Read more in the :ref:`User Guide <passive_aggressive>`.
Parameters
----------
C : float, default=1.0
Maximum step size (regularization). Defaults to 1.0.
fit_intercept : bool, default=True
Whether the intercept should be estimated or not. If False, the
data is assumed to be already centered.
max_iter : int, default=1000
The maximum number of passes over the training data (aka epochs).

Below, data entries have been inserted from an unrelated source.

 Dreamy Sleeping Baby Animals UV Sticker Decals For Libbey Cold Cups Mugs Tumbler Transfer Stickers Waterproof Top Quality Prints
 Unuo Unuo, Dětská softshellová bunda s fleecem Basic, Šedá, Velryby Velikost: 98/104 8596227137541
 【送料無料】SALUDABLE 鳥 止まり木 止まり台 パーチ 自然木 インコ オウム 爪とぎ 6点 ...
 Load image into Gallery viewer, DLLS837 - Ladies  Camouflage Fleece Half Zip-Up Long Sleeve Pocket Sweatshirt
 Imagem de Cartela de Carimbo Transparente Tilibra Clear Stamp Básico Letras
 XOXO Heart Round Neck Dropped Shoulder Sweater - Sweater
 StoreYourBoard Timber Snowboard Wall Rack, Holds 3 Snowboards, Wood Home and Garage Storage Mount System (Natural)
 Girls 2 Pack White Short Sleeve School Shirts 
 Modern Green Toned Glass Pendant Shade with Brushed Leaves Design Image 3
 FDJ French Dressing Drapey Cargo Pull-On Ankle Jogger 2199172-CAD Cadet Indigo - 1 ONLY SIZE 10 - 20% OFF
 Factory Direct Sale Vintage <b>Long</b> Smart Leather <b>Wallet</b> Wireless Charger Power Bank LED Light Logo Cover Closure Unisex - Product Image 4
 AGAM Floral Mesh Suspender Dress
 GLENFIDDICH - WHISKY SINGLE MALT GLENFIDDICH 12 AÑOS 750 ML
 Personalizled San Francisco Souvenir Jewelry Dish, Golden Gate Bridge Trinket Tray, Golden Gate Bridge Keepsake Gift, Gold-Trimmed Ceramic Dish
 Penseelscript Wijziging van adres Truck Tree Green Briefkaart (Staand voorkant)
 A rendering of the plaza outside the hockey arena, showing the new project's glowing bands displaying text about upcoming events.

It only impacts the behavior in the ``fit`` method, and not the
:meth:`~sklearn.linear_model.PassiveAggressiveClassifier.partial_fit` method.
.. versionadded:: 0.19
tol : float or None, default=1e-3
The stopping criterion. If it is not None, the iterations will stop
when (loss > previous_loss - tol).
.. versionadded:: 0.19
early_stopping : bool, default=False
Whether to use early stopping to terminate training when validation
score is not improving. If set to True, it will automatically set aside
a stratified fraction of training data as validation and terminate
training when validation score is not improving by at least `tol` for
`n_iter_no_change` consecutive epochs.
.. versionadded:: 0.20
validation_fraction : float, default=0.1
The proportion of training data to set aside as validation set for
early stopping. Must be between 0 and 1.
Only used if early_stopping is True.
.. versionadded:: 0.20
n_iter_no_change : int, default=5
Number of iterations with no improvement to wait before early stopping.
.. versionadded:: 0.20
shuffle : bool, default=True
Whether or not the training data should be shuffled after each epoch.
verbose : int, default=0
The verbosity level.
loss : str, default="hinge"
The loss function to be used:
hinge: equivalent to PA-I in the reference paper.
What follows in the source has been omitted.